Only the lines from the one containing "map of restaurants, bars, coffee" through the end of the data belong in the answer; reproduce them exactly.

:: Records for this task ::

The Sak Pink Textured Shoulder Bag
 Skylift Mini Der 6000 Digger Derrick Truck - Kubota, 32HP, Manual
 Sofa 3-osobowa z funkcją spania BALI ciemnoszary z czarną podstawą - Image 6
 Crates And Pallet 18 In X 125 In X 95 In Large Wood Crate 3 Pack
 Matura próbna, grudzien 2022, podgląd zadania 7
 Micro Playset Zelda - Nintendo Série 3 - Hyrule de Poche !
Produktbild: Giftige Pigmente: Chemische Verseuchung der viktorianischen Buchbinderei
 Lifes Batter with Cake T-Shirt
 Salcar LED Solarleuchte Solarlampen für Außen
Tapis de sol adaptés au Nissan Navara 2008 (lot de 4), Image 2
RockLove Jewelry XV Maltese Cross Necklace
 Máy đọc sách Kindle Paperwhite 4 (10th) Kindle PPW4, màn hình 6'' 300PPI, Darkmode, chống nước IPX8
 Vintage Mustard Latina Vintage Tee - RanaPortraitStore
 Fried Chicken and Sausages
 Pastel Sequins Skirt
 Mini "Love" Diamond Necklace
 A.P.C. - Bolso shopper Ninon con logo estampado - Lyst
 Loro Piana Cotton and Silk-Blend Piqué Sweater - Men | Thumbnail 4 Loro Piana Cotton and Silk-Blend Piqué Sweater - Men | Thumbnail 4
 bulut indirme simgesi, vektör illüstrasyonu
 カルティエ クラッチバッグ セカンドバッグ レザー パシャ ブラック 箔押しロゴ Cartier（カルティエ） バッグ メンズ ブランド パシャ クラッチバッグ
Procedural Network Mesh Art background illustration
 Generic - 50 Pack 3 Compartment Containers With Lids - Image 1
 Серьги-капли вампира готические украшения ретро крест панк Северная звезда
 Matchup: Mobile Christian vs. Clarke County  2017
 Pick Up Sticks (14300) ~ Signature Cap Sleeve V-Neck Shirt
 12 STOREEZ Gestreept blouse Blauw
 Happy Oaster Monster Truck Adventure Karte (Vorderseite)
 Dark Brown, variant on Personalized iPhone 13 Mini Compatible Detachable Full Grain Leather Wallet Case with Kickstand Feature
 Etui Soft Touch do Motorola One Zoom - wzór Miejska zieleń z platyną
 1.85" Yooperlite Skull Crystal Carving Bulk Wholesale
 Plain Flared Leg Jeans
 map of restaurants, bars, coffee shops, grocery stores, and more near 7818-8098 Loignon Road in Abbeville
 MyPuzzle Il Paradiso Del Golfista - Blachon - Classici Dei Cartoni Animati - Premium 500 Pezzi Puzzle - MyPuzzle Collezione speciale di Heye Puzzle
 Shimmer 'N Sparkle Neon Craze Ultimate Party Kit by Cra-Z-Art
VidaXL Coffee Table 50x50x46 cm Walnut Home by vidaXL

:::

== Solution to this problem ==
 map of restaurants, bars, coffee shops, grocery stores, and more near 7818-8098 Loignon Road in Abbeville
 MyPuzzle Il Paradiso Del Golfista - Blachon - Classici Dei Cartoni Animati - Premium 500 Pezzi Puzzle - MyPuzzle Collezione speciale di Heye Puzzle
 Shimmer 'N Sparkle Neon Craze Ultimate Party Kit by Cra-Z-Art
VidaXL Coffee Table 50x50x46 cm Walnut Home by vidaXL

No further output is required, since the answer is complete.